En l'espèce, si M. [L] produit une copie de son passeport, dont la validité n'est pas établie, il n'a pas remis l'original à l'administration. Ce seul élément constitue un obstacle dirimant à l'octroi d'une assignation à résidence. Par ailleurs, s'il produit une attestation d'hébergement de sa soeur datée du 4 août dernier, cette domiciliation ne saurait être considérée comme stable et effective, l'intéressé ayant déclaré une adresse à [Localité 8] lors de son incarcération. De la même manière, s'il a déclaré devant le premier juge souhaiter se conformer à la mesure d'éloignement, il avait déclaré aux fonctionnaires de police lors d'une audition le 28 janvier 2024 refuser de quitter la France en cas de mesure d'éloignement. Enfin, il sera rappelé que l'intéressé s'est déjà soustrait à deux précédents arrêtés portant obligation de quitter le territoire en date des 30 janvier 2020 et 4 avril 2021. Sa volonté de départ, condition préalable à l'octroi d'une assignation à résidence dont l'objet est aussi de permettre l'exécution de la mesure d'éloignement, n'est donc pas établie.
Dès lors, faute de garanties sérieuses de représentation, ses demandes de mise en liberté et d'assignation à résidence seront rejetées.
Aussi, l'ordonnance entreprise sera confirmée.
PAR CES MOTIFS
Statuant publiquement par décision contradictoire en dernier ressort, après débats en audience publique,
Déclarons recevable l'appel formé par M. [Z] [L],
Déclarons irrecevable le moyen tiré de l'absence de perspectives d'éloignement,
Rejetons le surplus des moyens soulevés,
Confirmons l'ordonnance du Juge des libertés et de la détention de MARSEILLE en date du 03 Septembre 2024.
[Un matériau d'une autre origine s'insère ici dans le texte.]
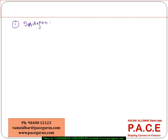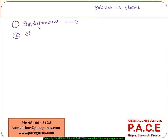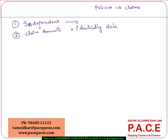When talking about the risks, we look at them with respect to the number of policies which can give rise to claims — which may or may not give rise to claims. So all these various risks are independent of each other. The claim amounts here may not be identically distributed at all — they may or may not be — which means each one may have a separate distribution.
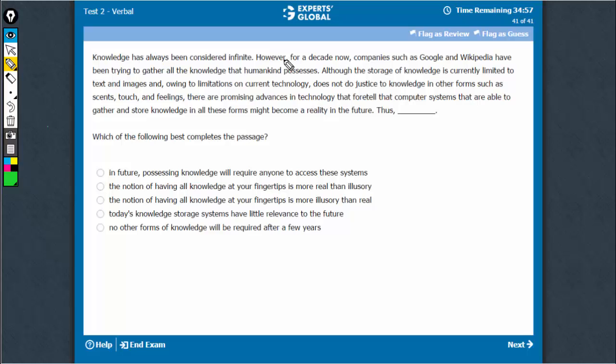Look at the flow of thought. It says knowledge is infinite. It was considered infinite. Such platforms have been trying to gather knowledge, but then there are certain forms of knowledge which they cannot store and the later technology will be able to store it.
Les parties sont avisées qu'elles peuvent se pourvoir en cassation contre cette ordonnance dans un délai de 2 mois à compter de cette notification, le pourvoi devant être formé par déclaration au greffe de la Cour de cassation, signé par un avocat au conseil d'Etat ou de la Cour de cassation.
Le greffier Le président
Reçu et pris connaissance le :
Monsieur [Z] [L]
né le 05 Décembre 1992 à [Localité 6] (Russie)
de nationalité Russe
Assisté de , interprète en langue russe.
Interprète
COUR D'APPEL D'AIX-EN-PROVENCE
Chambre 1-11, Rétentions Administratives
Palais Verdun , bureau 443
Téléphone : [XXXXXXXX02] - [XXXXXXXX03] - [XXXXXXXX01]
Courriel : [Courriel 5]
Aix-en-Provence, le 05 Septembre 2024
À
- Monsieur le préfet des Alpes-Maritimes
- Monsieur le directeur du centre de rétention administrative de [Localité 7]
- Monsieur le procureur général
- Monsieur le greffier du Juge des libertés et de la détention de MARSEILLE
- Maître Claudie HUBERT
NOTIFICATION D'UNE ORDONNANCE
J'ai l'honneur de vous notifier l'ordonnance ci-jointe rendue le 05 Septembre 2024, suite à l'appel interjeté par :
Monsieur [Z] [L]
né le 05 Décembre 1992 à [Localité 6] (Russie)
de nationalité Russe
Je vous remercie de m'accuser réception du présent envoi.
Le greffier,
VOIE DE RECOURS
Nous prions Monsieur le directeur du centre de rétention administrative de bien vouloir indiquer au retenu qu'il peut se pourvoir en cassation contre cette ordonnance dans un délai de 2 mois à compter de cette notification, le pourvoi devant être formé par déclaration au greffe de la Cour de cassation.